The image runs as an unprivileged user (cisa, UID 1000) and supports read-only root filesystems. Mount writable paths as volumes for job working directories.

Working Directory

The default working directory is /work. The container's ENTRYPOINT invokes cyhy-commander /work by default.

The Commander creates the subdirectories done/, pushed/, failed/, and drop/ within the working directory on startup if they do not already exist.

Observability

cyhy-commander exposes Prometheus metrics and HTTP health check endpoints on a dedicated metrics port (default 9090).
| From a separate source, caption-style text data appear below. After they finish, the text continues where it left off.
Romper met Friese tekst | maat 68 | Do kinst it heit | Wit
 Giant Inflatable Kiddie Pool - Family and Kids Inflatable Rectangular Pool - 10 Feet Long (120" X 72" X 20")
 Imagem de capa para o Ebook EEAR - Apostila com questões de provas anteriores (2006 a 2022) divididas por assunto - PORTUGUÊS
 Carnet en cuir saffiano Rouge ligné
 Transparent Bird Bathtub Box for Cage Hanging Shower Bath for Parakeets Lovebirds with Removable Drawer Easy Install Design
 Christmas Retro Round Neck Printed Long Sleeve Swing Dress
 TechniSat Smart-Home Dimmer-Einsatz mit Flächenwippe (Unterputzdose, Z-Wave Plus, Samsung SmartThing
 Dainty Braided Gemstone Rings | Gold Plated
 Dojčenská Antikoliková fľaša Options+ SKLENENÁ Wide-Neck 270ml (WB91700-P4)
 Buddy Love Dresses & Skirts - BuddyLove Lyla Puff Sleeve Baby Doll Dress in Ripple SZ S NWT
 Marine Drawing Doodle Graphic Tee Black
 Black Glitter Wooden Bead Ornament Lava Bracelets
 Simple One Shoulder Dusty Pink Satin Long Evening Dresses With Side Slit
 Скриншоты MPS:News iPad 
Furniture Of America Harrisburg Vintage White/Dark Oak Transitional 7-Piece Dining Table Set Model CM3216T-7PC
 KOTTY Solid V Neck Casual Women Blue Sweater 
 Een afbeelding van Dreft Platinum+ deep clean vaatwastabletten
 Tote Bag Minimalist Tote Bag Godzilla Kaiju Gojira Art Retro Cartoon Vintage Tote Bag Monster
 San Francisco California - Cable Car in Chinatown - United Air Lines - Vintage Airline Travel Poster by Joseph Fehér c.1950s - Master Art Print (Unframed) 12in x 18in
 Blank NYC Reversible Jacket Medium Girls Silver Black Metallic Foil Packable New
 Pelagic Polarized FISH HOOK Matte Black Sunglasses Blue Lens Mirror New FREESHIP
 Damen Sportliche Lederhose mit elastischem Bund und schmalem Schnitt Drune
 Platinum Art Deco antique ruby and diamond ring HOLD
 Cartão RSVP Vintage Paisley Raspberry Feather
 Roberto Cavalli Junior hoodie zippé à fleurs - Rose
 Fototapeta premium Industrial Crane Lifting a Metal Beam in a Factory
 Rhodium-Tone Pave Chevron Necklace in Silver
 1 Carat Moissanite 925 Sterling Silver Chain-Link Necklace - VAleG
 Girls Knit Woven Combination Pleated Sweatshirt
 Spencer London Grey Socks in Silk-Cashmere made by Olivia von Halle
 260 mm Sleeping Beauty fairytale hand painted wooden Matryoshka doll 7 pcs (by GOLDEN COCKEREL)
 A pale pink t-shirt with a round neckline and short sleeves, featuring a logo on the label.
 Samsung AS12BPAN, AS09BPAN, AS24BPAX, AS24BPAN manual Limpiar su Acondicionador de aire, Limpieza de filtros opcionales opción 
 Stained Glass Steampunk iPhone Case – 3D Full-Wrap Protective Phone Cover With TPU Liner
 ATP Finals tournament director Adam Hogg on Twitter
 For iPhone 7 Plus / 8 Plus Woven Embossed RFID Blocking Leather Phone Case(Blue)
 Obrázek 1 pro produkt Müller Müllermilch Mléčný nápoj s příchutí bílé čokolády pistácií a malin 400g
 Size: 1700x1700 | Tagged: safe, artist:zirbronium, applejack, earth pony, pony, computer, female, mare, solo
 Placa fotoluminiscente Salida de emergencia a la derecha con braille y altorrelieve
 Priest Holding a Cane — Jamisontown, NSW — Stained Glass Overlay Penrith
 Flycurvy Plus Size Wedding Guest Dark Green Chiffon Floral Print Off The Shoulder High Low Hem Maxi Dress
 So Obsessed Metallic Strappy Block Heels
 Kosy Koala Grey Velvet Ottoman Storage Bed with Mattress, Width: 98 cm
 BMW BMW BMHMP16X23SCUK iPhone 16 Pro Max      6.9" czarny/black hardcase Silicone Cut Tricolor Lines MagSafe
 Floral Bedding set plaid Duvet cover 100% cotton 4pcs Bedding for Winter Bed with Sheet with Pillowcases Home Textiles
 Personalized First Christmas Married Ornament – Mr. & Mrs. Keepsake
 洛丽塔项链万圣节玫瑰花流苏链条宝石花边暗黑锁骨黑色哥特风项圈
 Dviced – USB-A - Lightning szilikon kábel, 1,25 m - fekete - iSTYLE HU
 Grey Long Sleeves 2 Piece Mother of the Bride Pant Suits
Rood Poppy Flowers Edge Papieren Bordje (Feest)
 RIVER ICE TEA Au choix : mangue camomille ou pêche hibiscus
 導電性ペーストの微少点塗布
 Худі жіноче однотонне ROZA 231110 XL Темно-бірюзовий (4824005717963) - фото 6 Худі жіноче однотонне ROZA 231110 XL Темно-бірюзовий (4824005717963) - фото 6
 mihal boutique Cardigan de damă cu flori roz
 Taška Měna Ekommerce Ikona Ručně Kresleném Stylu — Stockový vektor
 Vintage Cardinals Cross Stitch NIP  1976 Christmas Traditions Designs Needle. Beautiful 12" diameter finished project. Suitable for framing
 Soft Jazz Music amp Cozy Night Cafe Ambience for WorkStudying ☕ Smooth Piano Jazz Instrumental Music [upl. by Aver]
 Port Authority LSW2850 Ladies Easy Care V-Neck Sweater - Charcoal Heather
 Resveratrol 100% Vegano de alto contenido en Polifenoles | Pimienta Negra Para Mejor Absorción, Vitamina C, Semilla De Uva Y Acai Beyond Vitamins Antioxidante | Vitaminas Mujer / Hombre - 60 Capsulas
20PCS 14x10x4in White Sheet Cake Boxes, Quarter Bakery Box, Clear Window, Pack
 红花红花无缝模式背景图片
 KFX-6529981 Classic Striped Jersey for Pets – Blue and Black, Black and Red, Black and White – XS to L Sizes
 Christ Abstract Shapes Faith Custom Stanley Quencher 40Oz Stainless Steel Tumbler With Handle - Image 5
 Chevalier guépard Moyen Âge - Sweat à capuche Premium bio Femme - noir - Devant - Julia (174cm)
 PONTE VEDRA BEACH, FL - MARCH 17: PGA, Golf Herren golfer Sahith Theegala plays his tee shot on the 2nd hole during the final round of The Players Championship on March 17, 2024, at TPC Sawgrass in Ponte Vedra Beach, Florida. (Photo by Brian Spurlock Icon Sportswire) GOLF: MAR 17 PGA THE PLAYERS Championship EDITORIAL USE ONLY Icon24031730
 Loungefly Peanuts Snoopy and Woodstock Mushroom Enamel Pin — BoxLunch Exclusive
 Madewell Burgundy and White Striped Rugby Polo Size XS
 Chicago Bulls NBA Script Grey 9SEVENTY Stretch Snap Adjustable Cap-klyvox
The metrics server runs as a daemon thread using a ThreadingWSGIServer, separate from the asyncio event loop.

Prometheus Metrics

The following metrics are exposed at GET /metrics in Prometheus exposition format:

Metric Name Type Labels Description
cyhy_commander_work_cycle_duration_seconds Histogram Wall-clock duration of each work cycle iteration
cyhy_commander_jobs_pushed_total Counter stage Jobs successfully pushed to scanner hosts
cyhy_commander_jobs_pulled_total Counter stage Completed jobs pulled from scanner hosts
cyhy_commander_jobs_failed_total Counter stage Jobs that completed with non-zero exit code
cyhy_commander_host_errors_total Counter host SSH/rsync exceptions per scanner host
cyhy_commander_ips_pushed_total Counter stage IP addresses pushed in job bundles
cyhy_commander_ips_pulled_total Counter stage, status IP addresses in pulled jobs (success/failure)
cyhy_commander_last_cycle_completed_timestamp_seconds Gauge Unix timestamp of last successful cycle completion
cyhy_commander_last_db_success_timestamp_seconds Gauge Unix timestamp of last successful DB operation
cyhy_commander_scanner_connection_status Gauge host, workgroup 1 if last SSH/rsync to host succeeded, 0 if failed

The stage label takes values: NETSCAN1, NETSCAN2, PORTSCAN, VULNSCAN. The status label takes values: success, failure.

Health Check Endpoints

All health endpoints are served on the metrics port alongside /metrics.

Endpoint Evaluates Threshold 200 Response 503 Response
GET /livez last_cycle_completed_timestamp_seconds CYHY_LIVENESS_THRESHOLD_SECONDS (default 300s) ok — last cycle within threshold, or first cycle not yet completed (startup grace) work cycle stale — elapsed time since last cycle ≥ threshold
GET /readyz last_db_success_timestamp_seconds CYHY_READINESS_THRESHOLD_SECONDS (default 120s) ok — last DB operation within threshold database connection stale — elapsed time since last DB op ≥ threshold, or no DB op yet
GET /startupz _first_cycle_completed flag ok — first work cycle has completed first cycle not completed — still initializing

Requests to any other path on the metrics port return HTTP 404 with an empty body.

Environment Variables

Variable Purpose Accepted Values Default Behavior When Unset
CYHY_METRICS_PORT TCP port for the metrics/health server Integer in range [1024, 65535] 9090 Uses default port 9090
CYHY_LIVENESS_THRESHOLD_SECONDS Maximum seconds since last completed work cycle before /livez returns 503 Positive numeric value 300 Uses default of 300 seconds (5 minutes)
CYHY_READINESS_THRESHOLD_SECONDS Maximum seconds since last successful DB operation before /readyz returns 503 Integer in range [1, 3600] 120 Uses default of 120 seconds (2 minutes)
CYHY_METRICS_BEARER_TOKEN Optional bearer token for authenticating requests to /metrics String (minimum 8 characters recommended) Unset (no auth) Metrics served without authentication; security relies on NetworkPolicy

If CYHY_METRICS_PORT, CYHY_LIVENESS_THRESHOLD_SECONDS, or CYHY_READINESS_THRESHOLD_SECONDS is set to an invalid value, the server logs a warning and falls back to the default.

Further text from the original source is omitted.